Rita Blanco: «A minha religião é o amor»

A atriz relata a sua própria peregrinação para fazer o filme “Fátima”.

Rita Blanco
créditos: Pedro Loureiro

Texto de Maria João Veloso

Revista Saúda: A dimensão humana do filme “Fátima” é tocante. Parece ter sido uma experiência duríssima…

Rita Blanco: Não foi uma experiência dura. Fazer um filme nunca é uma experiência duríssima. Dura é a vida real.

RS: Fizeram 400 quilómetros a pé?

RB: Quando estávamos a filmar andávamos um bocado e depois parávamos. Não é
a peregrinação real, que já tínhamos feito como preparação para o filme. Duro é ser uma mulher de Trás-os-Montes e fazer esta peregrinação. No fim há algum alívio. Em vez de dormirmos em roulottes, vamos para um hotel. Não terá sido dos filmes mais fáceis, nem a filmagem foi tradicional. Geralmente vamos filmar e depois para casa. Não andamos à chuva, ao frio e ao vento. Mas quem corre por gosto não cansa. Ainda por cima gosto imenso de correr e andar (risos).

RS: Houve uma preparação física?

RB: Estou habituada a andar com os cães. Uma a duas horas. Também faço desporto. Mas a questão nem é essa. A questão é irmos para outro sítio e termos de entender aquele “estar”. Não é igual ter nascido e vivido em Lisboa ou em Trás-os-Montes. A minha preparação no terreno foi passear com uma pessoa de lá, a Zeca. O que gostava mais era de conversar com ela. Era aí que entendia a sua maneira de pensar e de ver as coisas.

RS: Numa entrevista, a Zeca – que inspirou a sua personagem Ana Maria – garante que ir a Fátima é melhor que ir ao psiquiatra...

RB: Passear os meus cães é melhor que ir ao psiquiatra. A Zeca tem tanto gosto em ir a Fátima como eu tenho em passear os meus bichos. O exercício físico é saudável, produz endorfinas que nos fazem ficar felizes. Às vezes estou triste ou zangada com a vida e vou passear os cães ou nadar. E venho outra, capaz de aturar os portugueses. (risos). Gosto dos portugueses, são eles que fazem de mim a actriz que sou.

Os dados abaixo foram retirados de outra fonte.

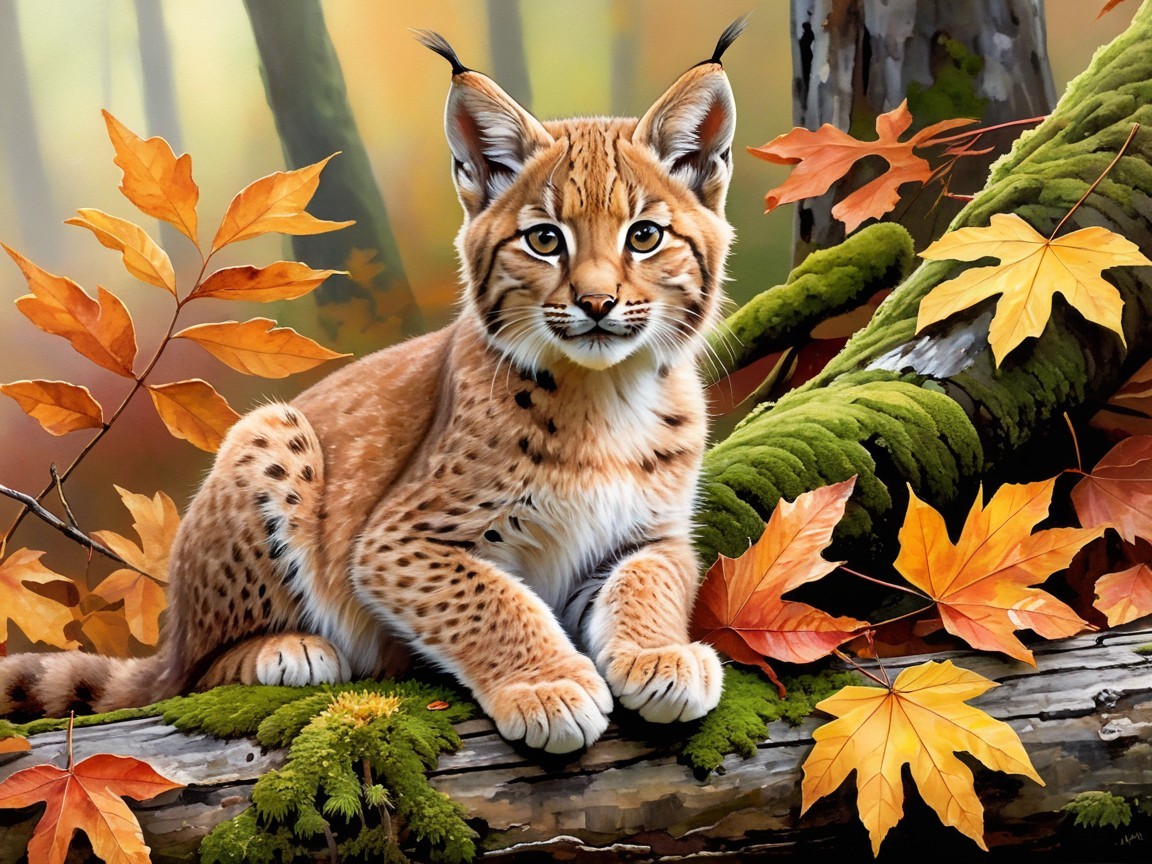 Lynx Resting on Moss Log in Autumn Woodland Scene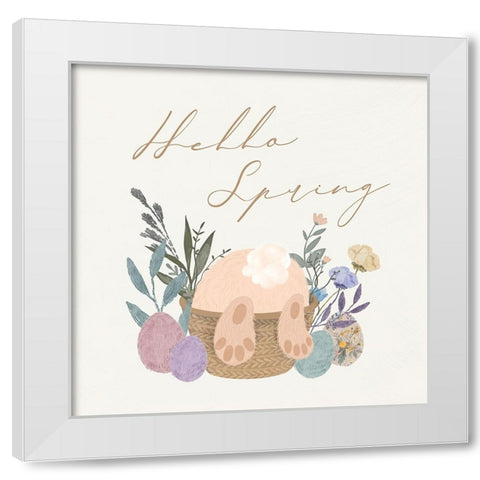 Hello Spring White Modern Wood Framed Art Print by Blue, Nina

RS: Além da natação, pratica algum outro desporto?

RB: Faço aqua cycling, que é uma bicicleta dentro de água. Pedala-se e faz-se abdominais. O impacto com a água é menor do que cá fora, mais suave e mais saudável. Já não sou um bebé, não sei se tinham reparado (risos). Comecei a nadar no Sport Algés e Dafundo e a prática ajuda. Quando se faz desporto, a vida fica um bocadinho mais leve. É isso e ler.

RS: Dá tudo o que acha que é ser português às mulheres que faz. O que tem a portuguesa de tão especial?

RB: Gosto de fazer a mulher portuguesa, à minha maneira. Gosto muito da coisa de ser português. Gosto das mulheres portuguesas. Comovem-me. Têm uns pontos em comum entre si, que têm a ver com o passado recente e menos recente. Com o tempo da
ditadura. Com esta sociedade católica e tradicional em que as mulheres aguentam muita coisa. São estóicas. São fortes e são elas que tomam as decisões.